▸ Work to complete
As you restate the entries, keep every word intact and leave out whatever images they hold.

▸ Data in this exercise
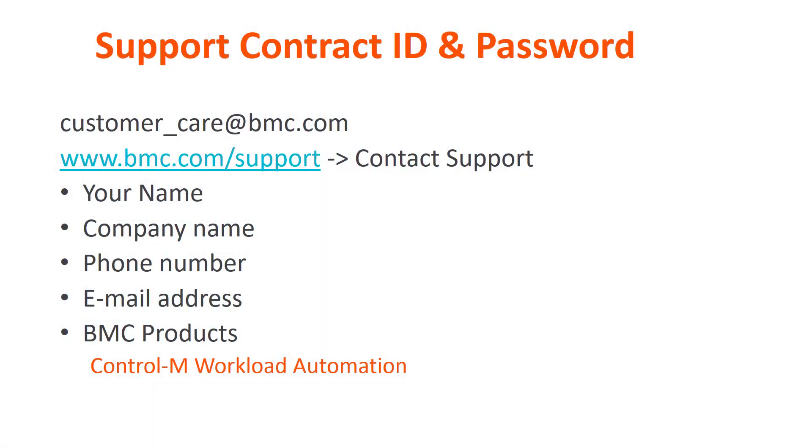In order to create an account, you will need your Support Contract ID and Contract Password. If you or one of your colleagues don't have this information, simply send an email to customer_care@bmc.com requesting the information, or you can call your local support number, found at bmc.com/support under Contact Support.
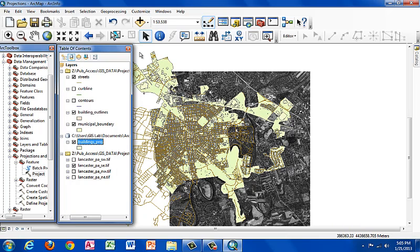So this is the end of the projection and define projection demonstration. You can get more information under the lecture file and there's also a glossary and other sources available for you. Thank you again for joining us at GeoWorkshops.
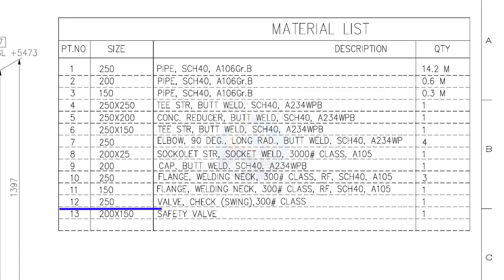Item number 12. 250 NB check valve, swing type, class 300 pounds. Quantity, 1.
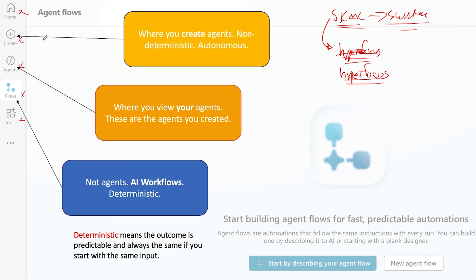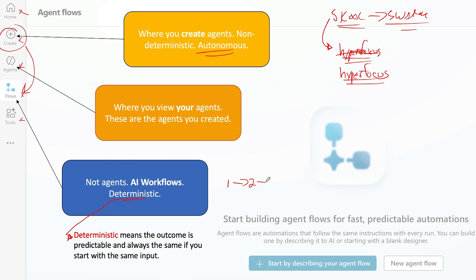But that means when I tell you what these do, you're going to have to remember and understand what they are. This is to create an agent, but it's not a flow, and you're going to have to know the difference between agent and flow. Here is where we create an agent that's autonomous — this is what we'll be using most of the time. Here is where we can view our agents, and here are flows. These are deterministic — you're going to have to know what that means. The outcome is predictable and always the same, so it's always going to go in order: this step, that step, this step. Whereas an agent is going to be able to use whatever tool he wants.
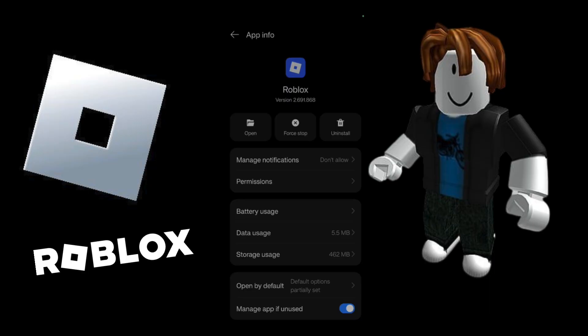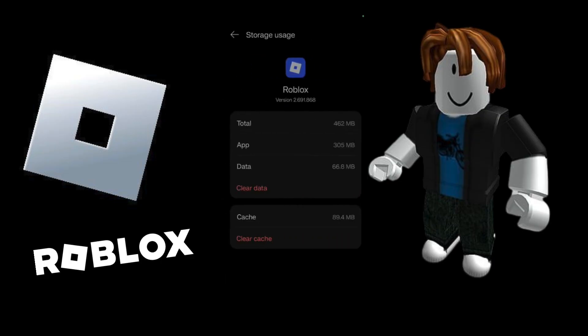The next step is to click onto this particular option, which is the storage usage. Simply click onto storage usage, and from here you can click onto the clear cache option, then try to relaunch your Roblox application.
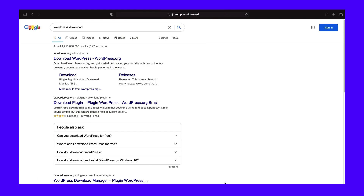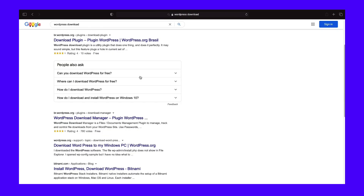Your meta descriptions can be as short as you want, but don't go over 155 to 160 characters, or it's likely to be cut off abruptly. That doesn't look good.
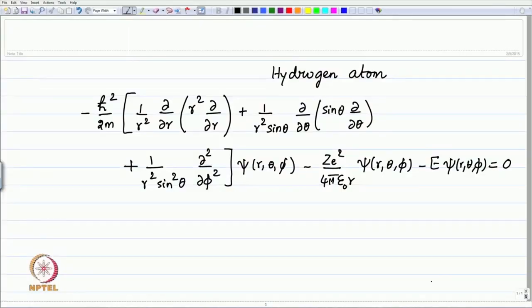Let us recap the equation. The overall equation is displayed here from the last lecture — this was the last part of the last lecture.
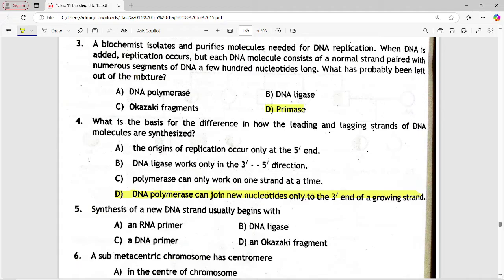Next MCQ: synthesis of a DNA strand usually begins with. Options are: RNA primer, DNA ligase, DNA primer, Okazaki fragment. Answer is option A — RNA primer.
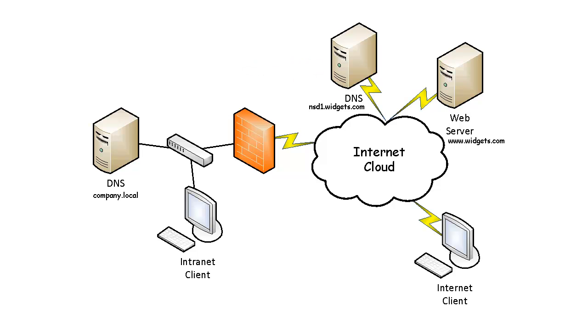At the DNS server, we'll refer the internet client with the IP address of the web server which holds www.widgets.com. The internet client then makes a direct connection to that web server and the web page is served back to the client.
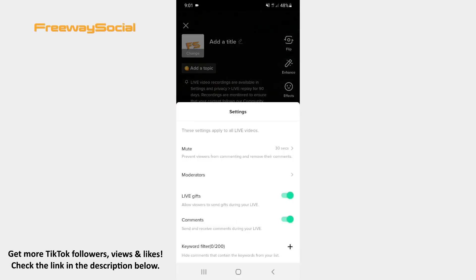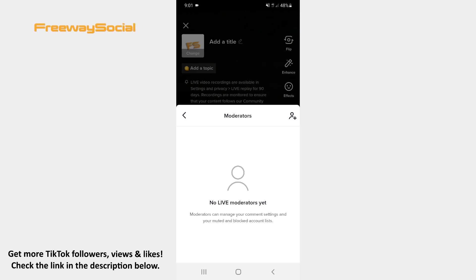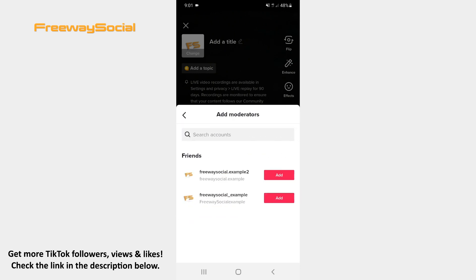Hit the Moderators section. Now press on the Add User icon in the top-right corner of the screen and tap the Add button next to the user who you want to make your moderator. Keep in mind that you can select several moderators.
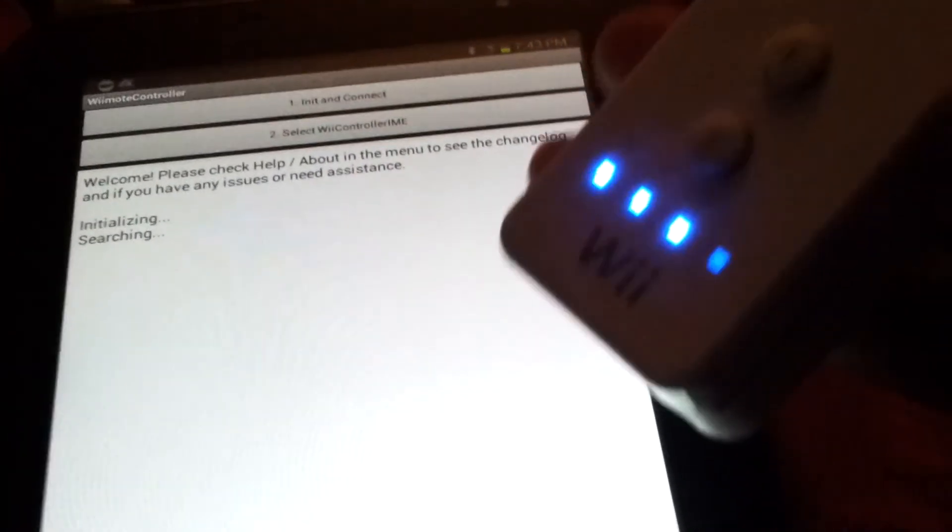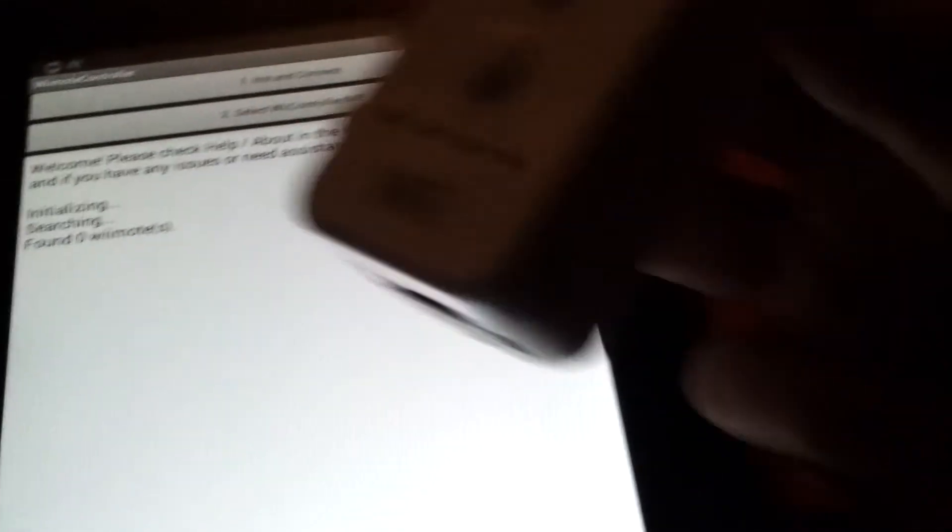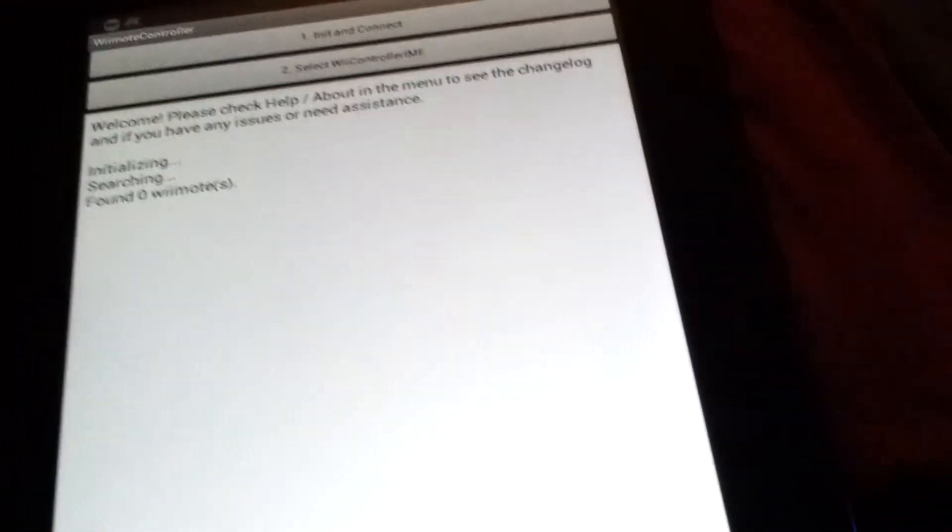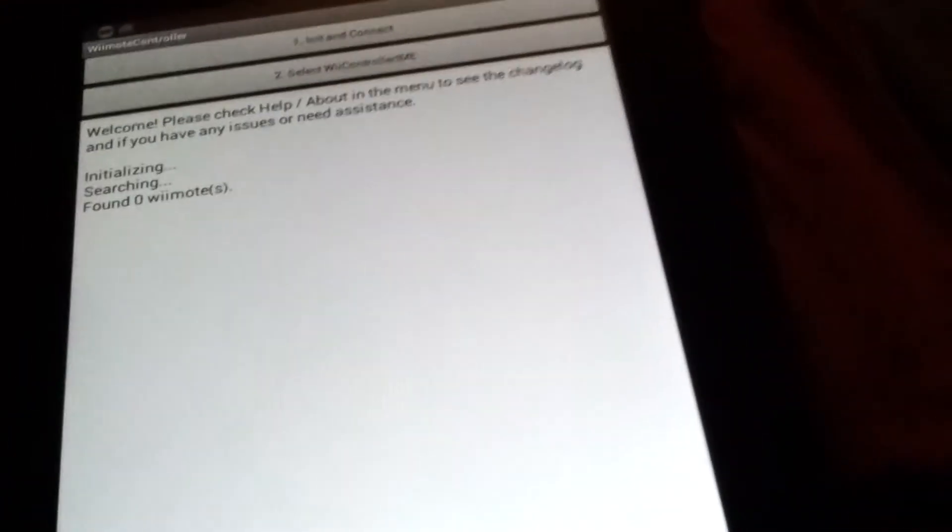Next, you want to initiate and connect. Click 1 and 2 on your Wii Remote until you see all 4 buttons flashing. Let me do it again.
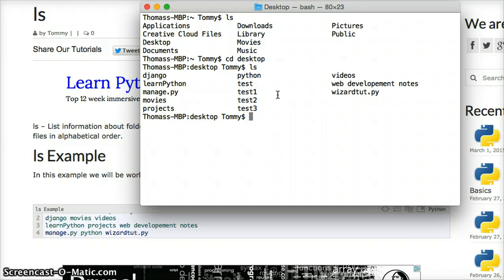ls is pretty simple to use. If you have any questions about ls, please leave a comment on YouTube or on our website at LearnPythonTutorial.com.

▸ Problem solution
In order to create an account, you will need your Support Contract ID and Contract Password. If you or one of your colleagues don't have this information, simply send an email to customer_care@bmc.com requesting the information, or you can call your local support number, found at bmc.com/support under Contact Support.
So this is the end of the projection and define projection demonstration. You can get more information under the lecture file and there's also a glossary and other sources available for you. Thank you again for joining us at GeoWorkshops.
Item number 12. 250 NB check valve, swing type, class 300 pounds. Quantity, 1.
But that means when I tell you what these do, you're going to have to remember and understand what they are. This is to create an agent, but it's not a flow, and you're going to have to know the difference between agent and flow. Here is where we create an agent that's autonomous — this is what we'll be using most of the time. Here is where we can view our agents, and here are flows. These are deterministic — you're going to have to know what that means. The outcome is predictable and always the same, so it's always going to go in order: this step, that step, this step. Whereas an agent is going to be able to use whatever tool he wants.
The next step is to click onto this particular option, which is the storage usage. Simply click onto storage usage, and from here you can click onto the clear cache option, then try to relaunch your Roblox application.
Your meta descriptions can be as short as you want, but don't go over 155 to 160 characters, or it's likely to be cut off abruptly. That doesn't look good.
Let us recap the equation. The overall equation is displayed here from the last lecture — this was the last part of the last lecture.
Next MCQ: synthesis of a DNA strand usually begins with. Options are: RNA primer, DNA ligase, DNA primer, Okazaki fragment. Answer is option A — RNA primer.
At the DNS server, we'll refer the internet client with the IP address of the web server which holds www.widgets.com. The internet client then makes a direct connection to that web server and the web page is served back to the client.
Hit the Moderators section. Now press on the Add User icon in the top-right corner of the screen and tap the Add button next to the user who you want to make your moderator. Keep in mind that you can select several moderators.
Next, you want to initiate and connect. Click 1 and 2 on your Wii Remote until you see all 4 buttons flashing. Let me do it again.
ls is pretty simple to use. If you have any questions about ls, please leave a comment on YouTube or on our website at LearnPythonTutorial.com.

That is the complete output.